A large portion of communication is done by the use of body language, and you lose that when you're on the phone, texting, or online. That means you have to concentrate more. For most people, concentrating during a conversation is something they don't have to consciously think about doing. But for us, it can definitely be noticeable not only to us, but to the one we are speaking to as well. When we are experiencing fibro fog our brains just might not be up to the task of basic conversation.

 

Also, when you're on the phone or online, you can be distracted by things around you that the other person is not aware of. Many of us have problems multi-tasking, so your brain may basically block out what the other person is saying while your attention is diverted to something else.
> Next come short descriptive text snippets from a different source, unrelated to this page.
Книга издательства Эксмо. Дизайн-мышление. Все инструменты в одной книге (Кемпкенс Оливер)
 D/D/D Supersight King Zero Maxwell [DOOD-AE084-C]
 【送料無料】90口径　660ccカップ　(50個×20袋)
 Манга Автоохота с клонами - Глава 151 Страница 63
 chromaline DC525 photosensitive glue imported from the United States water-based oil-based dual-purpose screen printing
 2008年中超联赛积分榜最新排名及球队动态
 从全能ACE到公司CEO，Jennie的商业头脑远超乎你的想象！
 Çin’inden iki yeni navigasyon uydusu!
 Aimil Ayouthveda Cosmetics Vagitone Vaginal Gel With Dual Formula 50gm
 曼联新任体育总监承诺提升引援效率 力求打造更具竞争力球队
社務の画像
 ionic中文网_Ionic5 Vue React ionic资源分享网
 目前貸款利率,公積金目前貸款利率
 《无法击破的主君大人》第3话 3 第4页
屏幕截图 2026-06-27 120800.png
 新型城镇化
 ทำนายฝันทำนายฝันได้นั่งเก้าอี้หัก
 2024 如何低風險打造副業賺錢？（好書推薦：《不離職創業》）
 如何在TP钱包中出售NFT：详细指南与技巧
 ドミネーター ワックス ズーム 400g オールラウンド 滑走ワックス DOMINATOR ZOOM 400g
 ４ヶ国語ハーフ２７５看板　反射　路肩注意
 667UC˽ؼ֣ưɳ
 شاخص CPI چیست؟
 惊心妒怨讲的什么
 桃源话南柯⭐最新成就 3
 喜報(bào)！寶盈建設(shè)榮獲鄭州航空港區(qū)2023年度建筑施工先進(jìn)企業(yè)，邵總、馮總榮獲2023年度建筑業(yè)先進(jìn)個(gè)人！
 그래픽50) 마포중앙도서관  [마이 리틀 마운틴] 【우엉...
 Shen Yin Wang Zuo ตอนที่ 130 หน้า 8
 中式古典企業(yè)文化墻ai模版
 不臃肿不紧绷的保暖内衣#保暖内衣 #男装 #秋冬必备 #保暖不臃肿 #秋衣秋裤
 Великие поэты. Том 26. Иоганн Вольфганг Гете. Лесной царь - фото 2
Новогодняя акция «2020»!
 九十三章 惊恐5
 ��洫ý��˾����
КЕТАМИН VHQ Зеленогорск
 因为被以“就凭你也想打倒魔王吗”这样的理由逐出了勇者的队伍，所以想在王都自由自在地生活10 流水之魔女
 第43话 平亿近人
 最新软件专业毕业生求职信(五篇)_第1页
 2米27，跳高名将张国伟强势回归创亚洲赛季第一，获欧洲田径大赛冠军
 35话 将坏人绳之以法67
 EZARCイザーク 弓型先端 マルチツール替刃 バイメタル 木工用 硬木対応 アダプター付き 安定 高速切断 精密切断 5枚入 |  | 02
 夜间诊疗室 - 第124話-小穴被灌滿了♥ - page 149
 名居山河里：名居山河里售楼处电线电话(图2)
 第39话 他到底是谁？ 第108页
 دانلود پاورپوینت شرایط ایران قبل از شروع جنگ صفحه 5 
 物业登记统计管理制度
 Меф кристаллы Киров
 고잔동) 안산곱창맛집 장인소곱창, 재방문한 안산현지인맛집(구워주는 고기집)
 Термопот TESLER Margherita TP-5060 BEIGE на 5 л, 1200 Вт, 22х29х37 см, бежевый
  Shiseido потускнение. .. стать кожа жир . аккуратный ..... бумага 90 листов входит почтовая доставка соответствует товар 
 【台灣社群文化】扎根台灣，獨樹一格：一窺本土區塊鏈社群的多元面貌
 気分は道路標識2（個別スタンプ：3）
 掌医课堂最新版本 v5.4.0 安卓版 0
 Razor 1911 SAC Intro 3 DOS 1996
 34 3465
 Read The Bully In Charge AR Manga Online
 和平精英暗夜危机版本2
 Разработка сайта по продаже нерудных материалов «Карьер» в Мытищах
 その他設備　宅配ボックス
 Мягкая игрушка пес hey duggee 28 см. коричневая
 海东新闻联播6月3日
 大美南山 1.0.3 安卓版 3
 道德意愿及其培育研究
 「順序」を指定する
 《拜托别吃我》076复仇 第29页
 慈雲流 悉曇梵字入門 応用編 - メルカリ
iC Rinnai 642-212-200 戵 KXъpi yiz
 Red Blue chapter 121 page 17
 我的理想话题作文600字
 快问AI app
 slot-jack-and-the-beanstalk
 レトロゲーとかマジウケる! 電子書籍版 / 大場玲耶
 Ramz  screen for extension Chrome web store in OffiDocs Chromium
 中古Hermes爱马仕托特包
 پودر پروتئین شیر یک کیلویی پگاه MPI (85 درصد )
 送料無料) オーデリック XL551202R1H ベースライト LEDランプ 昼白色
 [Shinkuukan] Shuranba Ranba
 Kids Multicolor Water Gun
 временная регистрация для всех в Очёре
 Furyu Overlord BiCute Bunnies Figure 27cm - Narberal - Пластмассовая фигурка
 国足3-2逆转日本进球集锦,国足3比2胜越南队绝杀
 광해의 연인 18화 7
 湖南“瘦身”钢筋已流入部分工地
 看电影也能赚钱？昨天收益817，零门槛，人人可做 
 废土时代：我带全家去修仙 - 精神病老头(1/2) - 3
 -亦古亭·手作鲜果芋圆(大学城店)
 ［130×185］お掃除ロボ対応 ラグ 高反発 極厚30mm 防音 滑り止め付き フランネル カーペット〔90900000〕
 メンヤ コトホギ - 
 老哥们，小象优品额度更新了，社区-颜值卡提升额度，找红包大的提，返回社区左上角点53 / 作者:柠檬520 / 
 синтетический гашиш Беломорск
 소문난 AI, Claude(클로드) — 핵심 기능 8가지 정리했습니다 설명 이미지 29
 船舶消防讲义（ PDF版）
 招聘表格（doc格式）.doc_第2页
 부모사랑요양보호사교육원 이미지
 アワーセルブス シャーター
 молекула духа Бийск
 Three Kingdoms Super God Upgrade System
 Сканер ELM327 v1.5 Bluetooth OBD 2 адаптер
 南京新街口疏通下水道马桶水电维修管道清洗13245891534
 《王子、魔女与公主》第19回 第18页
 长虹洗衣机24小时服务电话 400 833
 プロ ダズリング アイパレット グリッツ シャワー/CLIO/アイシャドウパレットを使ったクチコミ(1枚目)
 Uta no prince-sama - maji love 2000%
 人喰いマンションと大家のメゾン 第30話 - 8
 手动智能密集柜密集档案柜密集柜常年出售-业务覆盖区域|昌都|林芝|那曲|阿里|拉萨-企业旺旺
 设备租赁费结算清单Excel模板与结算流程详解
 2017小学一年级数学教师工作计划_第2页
Then you find yourself all confused as to the direction the conversation has taken, which can be annoying and embarrassing.

 

And we also have the physical aspect that cause problems. Holding on to a phone for any length of time can tire out your arm and make your arm, neck, and shoulder burn and ache. It can also cause pain in your jaw as well. Or if typing online, your arms, wrists, forearms, and shoulders can go numb, fatigue, and ache.

 

Getting Out:

Fibro fog (brain fog), as well as the side effects of medications we have to take for our illnesses, can be a major stumbling block when you're driving a vehicle. With fibro fog some of us occasionally forget where we're going or how to get there. Even worse, it's not uncommon to become disoriented and not even realize where you are. This can be extremely frightening and most likely will lead to an anxiety/panic attack, which magnifies the situation and then exasperates other symptoms.

 

Sometimes it's difficult to simply pay attention to the variety of things we need to do when we are driving. We may not be able to process all of the required information fast enough to be safe while on the road.

 

A small percentage of people with these illnesses have to give up driving altogether. Some have to limit their driving to familiar places and close distances, and others are okay most of the time.Those who are okay with driving still usually have to plan it around their medications and/or symptoms, others choose not to drive on particularly bad days. It's a personal choice, but one that we need to be aware of to protect ourselves and others. And it's another factor in the ever growing list that can cause us to feel “less than.”

 

Conclusion:

The reality for those of us with a chronic, invisible illness is that we are going to need to make some changes to our daily routines. By figuring out things that are troublesome for you, you can change, reduce, or get rid of them so that they take less of a toll on you and leave more energy for things that are higher on your priority scale.

 

The way one adapts the best is by paying close attention to your body and the patterns of your illness(es) and taking an honest look at your lifestyle. You know your body better than anyone else so listen to it.